WHAT TO DO:
Take the line that contains "Шишки марихуана индика" in the data below and each line after it, through the last, and repeat them unchanged.

SUPPLIED MATERIAL:
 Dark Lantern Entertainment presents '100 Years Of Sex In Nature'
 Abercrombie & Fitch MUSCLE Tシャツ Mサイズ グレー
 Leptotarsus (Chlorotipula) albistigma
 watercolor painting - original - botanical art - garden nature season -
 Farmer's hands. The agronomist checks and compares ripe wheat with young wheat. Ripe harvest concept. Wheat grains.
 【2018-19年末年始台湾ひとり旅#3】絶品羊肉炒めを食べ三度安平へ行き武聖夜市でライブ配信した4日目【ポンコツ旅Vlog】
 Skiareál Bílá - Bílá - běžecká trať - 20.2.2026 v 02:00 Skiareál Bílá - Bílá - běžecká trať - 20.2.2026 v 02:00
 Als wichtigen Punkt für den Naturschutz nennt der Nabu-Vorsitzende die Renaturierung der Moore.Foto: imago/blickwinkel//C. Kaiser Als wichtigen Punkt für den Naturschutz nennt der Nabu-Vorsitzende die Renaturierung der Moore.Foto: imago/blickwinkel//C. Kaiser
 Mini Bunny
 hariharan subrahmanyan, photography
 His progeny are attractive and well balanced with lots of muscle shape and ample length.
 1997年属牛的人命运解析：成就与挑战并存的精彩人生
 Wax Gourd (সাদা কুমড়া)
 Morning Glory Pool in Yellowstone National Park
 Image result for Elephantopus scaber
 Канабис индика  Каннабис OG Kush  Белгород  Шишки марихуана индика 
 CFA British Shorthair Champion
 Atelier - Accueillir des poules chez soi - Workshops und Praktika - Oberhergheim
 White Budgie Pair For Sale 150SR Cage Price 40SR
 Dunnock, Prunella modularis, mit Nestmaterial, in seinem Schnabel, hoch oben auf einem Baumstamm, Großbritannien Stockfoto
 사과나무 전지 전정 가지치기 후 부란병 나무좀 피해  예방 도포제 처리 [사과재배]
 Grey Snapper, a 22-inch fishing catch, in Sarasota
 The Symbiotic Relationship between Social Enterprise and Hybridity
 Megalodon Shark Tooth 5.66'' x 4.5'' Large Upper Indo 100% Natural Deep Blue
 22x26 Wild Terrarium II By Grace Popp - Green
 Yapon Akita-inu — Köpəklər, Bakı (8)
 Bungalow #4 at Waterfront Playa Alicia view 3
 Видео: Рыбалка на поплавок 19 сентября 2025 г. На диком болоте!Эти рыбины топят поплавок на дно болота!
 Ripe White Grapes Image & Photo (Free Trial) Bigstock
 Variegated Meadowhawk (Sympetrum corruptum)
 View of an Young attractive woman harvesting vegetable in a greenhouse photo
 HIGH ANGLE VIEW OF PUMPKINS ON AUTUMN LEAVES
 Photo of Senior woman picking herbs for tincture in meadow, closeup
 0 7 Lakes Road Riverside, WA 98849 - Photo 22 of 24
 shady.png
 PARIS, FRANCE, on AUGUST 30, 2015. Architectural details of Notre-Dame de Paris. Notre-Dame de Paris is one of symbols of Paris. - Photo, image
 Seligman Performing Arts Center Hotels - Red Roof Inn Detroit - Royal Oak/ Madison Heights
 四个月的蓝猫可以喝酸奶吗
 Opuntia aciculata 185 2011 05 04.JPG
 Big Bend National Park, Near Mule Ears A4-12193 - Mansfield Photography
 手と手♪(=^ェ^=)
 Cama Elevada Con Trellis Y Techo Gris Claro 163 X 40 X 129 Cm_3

ANSWER TO THE EXERCISE:
 Канабис индика  Каннабис OG Kush  Белгород  Шишки марихуана индика 
 CFA British Shorthair Champion
 Atelier - Accueillir des poules chez soi - Workshops und Praktika - Oberhergheim
 White Budgie Pair For Sale 150SR Cage Price 40SR
 Dunnock, Prunella modularis, mit Nestmaterial, in seinem Schnabel, hoch oben auf einem Baumstamm, Großbritannien Stockfoto
 사과나무 전지 전정 가지치기 후 부란병 나무좀 피해  예방 도포제 처리 [사과재배]
 Grey Snapper, a 22-inch fishing catch, in Sarasota
 The Symbiotic Relationship between Social Enterprise and Hybridity
 Megalodon Shark Tooth 5.66'' x 4.5'' Large Upper Indo 100% Natural Deep Blue
 22x26 Wild Terrarium II By Grace Popp - Green
 Yapon Akita-inu — Köpəklər, Bakı (8)
 Bungalow #4 at Waterfront Playa Alicia view 3
 Видео: Рыбалка на поплавок 19 сентября 2025 г. На диком болоте!Эти рыбины топят поплавок на дно болота!
 Ripe White Grapes Image & Photo (Free Trial) Bigstock
 Variegated Meadowhawk (Sympetrum corruptum)
 View of an Young attractive woman harvesting vegetable in a greenhouse photo
 HIGH ANGLE VIEW OF PUMPKINS ON AUTUMN LEAVES
 Photo of Senior woman picking herbs for tincture in meadow, closeup
 0 7 Lakes Road Riverside, WA 98849 - Photo 22 of 24
 shady.png
 PARIS, FRANCE, on AUGUST 30, 2015. Architectural details of Notre-Dame de Paris. Notre-Dame de Paris is one of symbols of Paris. - Photo, image
 Seligman Performing Arts Center Hotels - Red Roof Inn Detroit - Royal Oak/ Madison Heights
 四个月的蓝猫可以喝酸奶吗
 Opuntia aciculata 185 2011 05 04.JPG
 Big Bend National Park, Near Mule Ears A4-12193 - Mansfield Photography
 手と手♪(=^ェ^=)
 Cama Elevada Con Trellis Y Techo Gris Claro 163 X 40 X 129 Cm_3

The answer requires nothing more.